The least fit-for-purpose, most overtly corrupt government we've had in living memory.
Trying to do valuable work as a regulatory body is impossible due to one simple fact; they ultimately report to a government that is anti-regulation.
And people here are surprised OFSTED and CQC don't function?
We're at the end of a 13 year program of systematic underfunding in all aspects of public services. I suspect the complaints around ofsted's approach are reaching a crescendo now because next year schools are going to be under even more financial pressure as a result of unfunded pay rises. My partner's large primary is going from running a surplus of 1/2 a million per year to a deficit of 1/4 despite the fact they couldn't attract LSAs and other staff due to their hands being tied on wages so were understaffed. They're going to have to lose staff. About 10% if my sums are correct, and lose the minibus and a load of other stuff they did to make school a good experience. They're being set up to fail. My partner got the school from required improvement when she went in there to good. There's little chance of it getting to outstanding now. I keep telling her to leave and get a management role in the private sector.
There was a HT suicide in Plymouth a few years ago after inspection. My partner knows the HMI.
Undoubtedly.
No-one of otherwise sound mind takes their own life over a bad work review. It’s likely that such a thing was the tipping point for the unfortunate teacher, but it cannot have been the only factor.
It's not just a bad work review is it? It's a very public negative review. Probably criticising everything you've spent your entire career working towards and, since the alleged issues were with management, directly pointing the blame at the head. In another environment, you might disappear into a different business and learn from the experience. In teaching there's a near state monopoly on teachers and it would be difficult for a head teacher to leave and find another job in their profession without this very public review following them. Now obviously lots of people get and deal with that sort of issue, but I'll bet nobody has ever run any training for HTs on how to cope professionally and personally with bad Ofsted reports. If schools round here are anything to go by there would be mental health first aiders around - but they will all be subordinate to the HT so its not really a realistic expectation for them to turn to there. A supportive employer would probably have MHFAs within a cohort from of HTs from other schools and indeed a support infrastructure for neighbouring heads to support each other. And I would certainly not hold the governers harmless if their HT commits suicide as a result of work related issues. BUT ofsted's job is to go and find the schools where there are problems which means schools with poor LA (or other employer) support and unsuportive governors should be exactly the sort of problem school they expect to have to give negative feedback to. Its therefore totally foreseeable that they could be the straw that breaks the camel's back.
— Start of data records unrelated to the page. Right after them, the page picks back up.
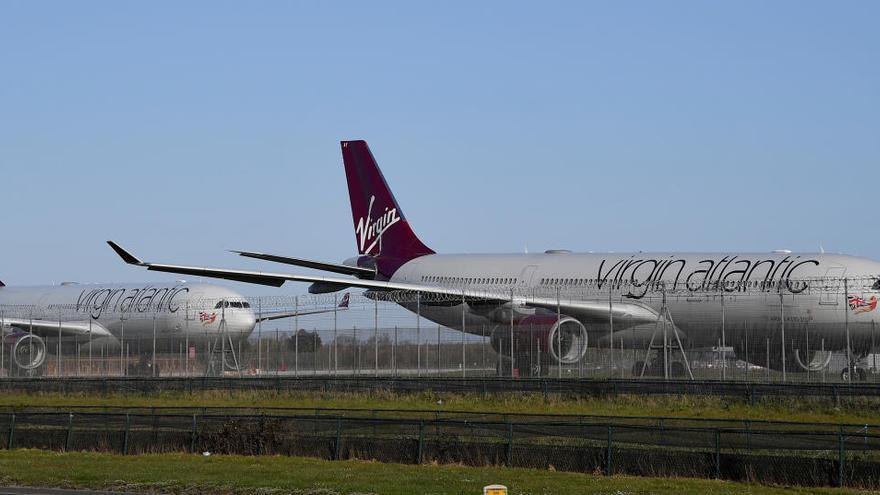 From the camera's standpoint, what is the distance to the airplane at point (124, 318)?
50.6 meters

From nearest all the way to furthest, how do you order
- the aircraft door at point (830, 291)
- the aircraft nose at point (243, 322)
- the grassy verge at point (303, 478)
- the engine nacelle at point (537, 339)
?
the grassy verge at point (303, 478) < the aircraft door at point (830, 291) < the engine nacelle at point (537, 339) < the aircraft nose at point (243, 322)

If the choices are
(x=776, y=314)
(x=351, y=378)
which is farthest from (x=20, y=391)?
(x=776, y=314)

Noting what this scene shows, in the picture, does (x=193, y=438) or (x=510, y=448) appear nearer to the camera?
(x=510, y=448)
If head teachers published the report cards for all pupils on the web with no opportunity to challenge the content I'd imagine Ofsted might be making negative comments about the potential impact on pupil welfare.
I acknowledged that rules is rules but my point was the wider context of zero praise and criticism of every tiny thing
You don't go into work day in and day out for the compliments. If that was the case teachers wouldn't be striking for more pay, they'd be begging for someone to say their hair looked nice.
"Criticism of a tiny thing" in your mind is an auditors "symptom of widespread non-conformity"
It's like the stories above about being at work til midnight getting things ready for the inspection. It should be right, all the time.
My daughters school has recently gone from outstanding to inadequate. The teaching is still 'good' so not about them. It's about built-in, systematic failure in safeguarding and reporting.
It was so bad, the local authority had to be informed about some incidents that the school had barely recorded, not investigated and was allowed to go on for years without any improvement.
Without Ofsted it would still be like that, rather than being dragged into compliance. Doesn't make the scandal sheets though.